I finally sucked it up and decided to buy what seems to be the only unprimed cedar shiplap siding available in the Bay. The closest Home Depot that had some in stock was an hour of traffic away. I called ahead to make sure they really had the boards but after 10 minutes on hold, I gave up. The website claimed that they had 50 of the 70 boards I needed so it seemed worth the risk of wasted time. I borrowed the truck and went on a mission.
It did not work out…
Annoyed selfies in home depot.
I bought the 8 damaged boards they actually had in stock at 70% off and hauled them back. This seems to be how siding purchases will go until I have what I need. My dad also made a Home Depot run and came back with about a dozen damaged boards. (He only got 50% off. I guess I’m just cuter).
In the mean time, we are preparing by putting up the last of the housing paper/flashing and trimming the windows and door!

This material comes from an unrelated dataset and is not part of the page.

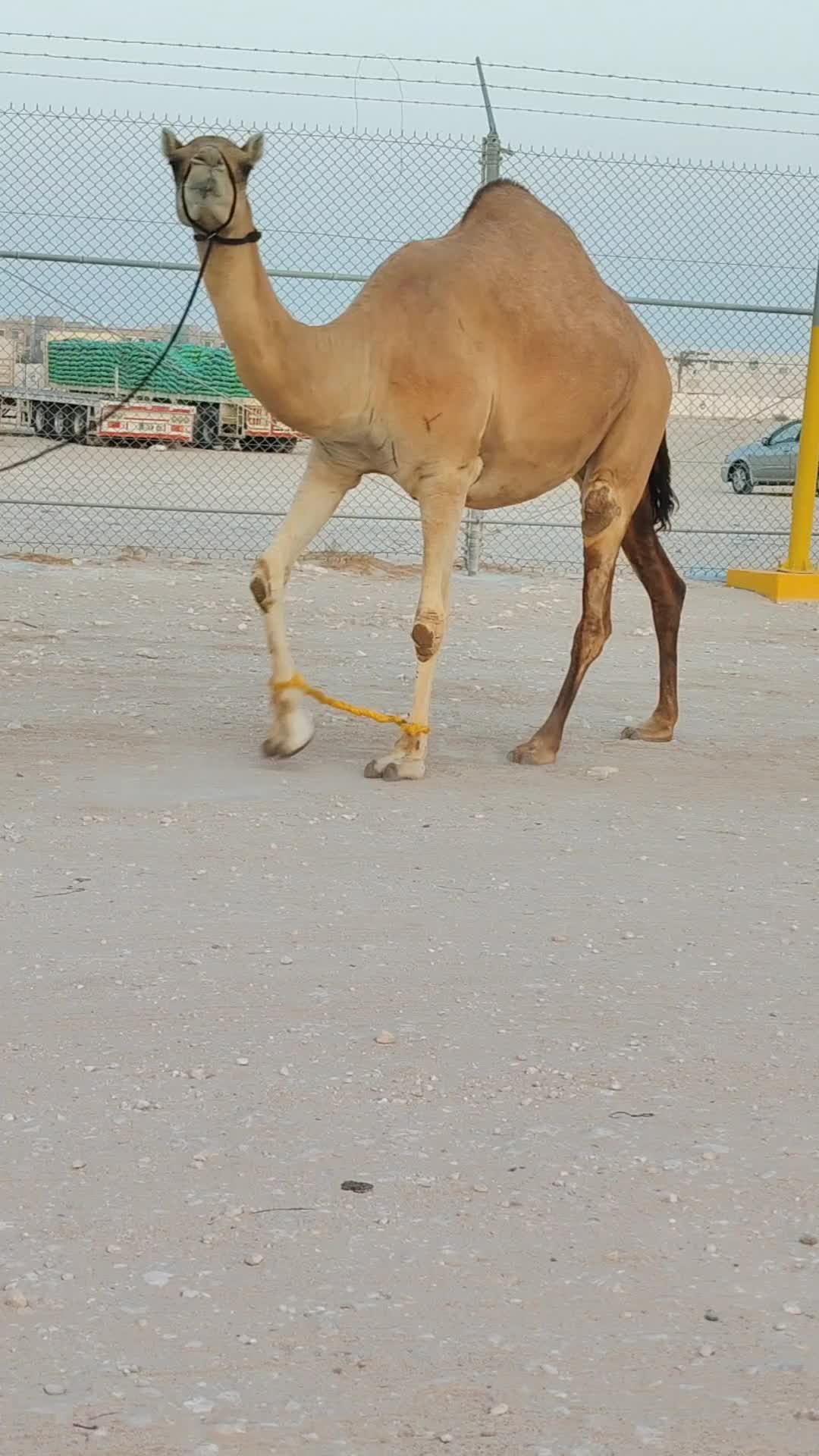 للبيع مدني رقامة - 2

That task has taken up most of this month’s work time but we did get one other thing done. We mounted my water heater in the back. It’s not even hooked up and it turns out it’s actually going to be a pain in the ass to install but even tacking it up felt like a big moment. This was the first “thing” that has gone into the house. It’s not part of my house’s skeleton, it’s guts, you know?

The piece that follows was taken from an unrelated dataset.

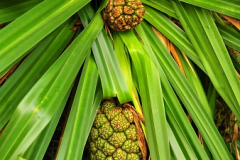Fruits-of-Pandan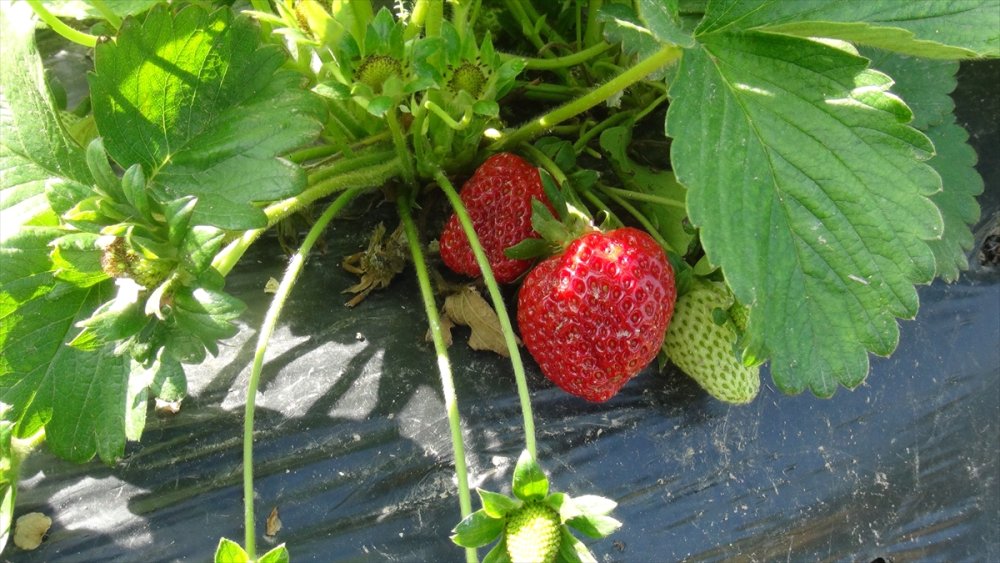 Mersin Silifke'de Çileğin Hasadı Zamanı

That’s it for July but I want to say that it feels so good to be making steady progress on the house. I feel like every month I have at least some small victory to report. There was a time at the end of last year when I looked at the house and genuinely thought “I will never finish this.” I hadn’t been working on it in months, I couldn’t see when I would find the time to pick back up, and honestly folks I was going through some sh**.
In this dark time in 160House history, I came across a blog post that struck really close to home (I recommend that anyone considering building a tiny house read it). The author writes, “People say: “Oh, you’ve come so far! You’re so close to finishing!” No, we really, really aren’t. We’ve been “so close” to finishing nearly every month for the last two and a half years.”
Sometimes I still feel this way. Building a tiny house is not a tiny endeavor. It’s the biggest, craziest, possibly stupidest thing I’ve ever done, and honestly, I know it’s still possible that I won’t finish. But right now it feels like I will. So I am just going to keep putting in the time when I can and making my slow and steady progress and maybe eventually I can retire in my little house on wheels.
Thank yous are short this month. Just a big thank you to my dad for going on this long, slow journey with me, even when you’re grumpy and would rather be fixing your truck. And thank you for reading! The good news for my loyal readers is this blog may be around for years to come! 😉
I spent a lot of time this month wandering around hardware stores and lumber yards pricing out cedar siding. What I discovered is that it’s really freaking expensive.
I remembered a design element I had seen in other builds. They used wood siding most of the way up their walls and then switched to another material towards the top. By implementing this simple but appealing design I realized I could save at least a few hundred dollars.
So here’s the thing, I could tell you everything that happened in May but it would be a short story. In fact, here is what that post would look like:
I reparked the trailer again, I installed some more wiring, and I priced out siding.
Instead of ending there, I thought I would tell a different story, the story of how I designed (and continue to design) the 160House.
Phase 1: Convertible Everything
When I first started to dream up the house, I had all sorts of elaborate plans. It looked a lot like this bullshit…
My original few layouts had tables converting into beds and stairs doubling as dressers. It sacrificed no amenities. The exterior was just as bad. I had lofty dreams of awkwardly placed balconies and impractical rooftop terraces.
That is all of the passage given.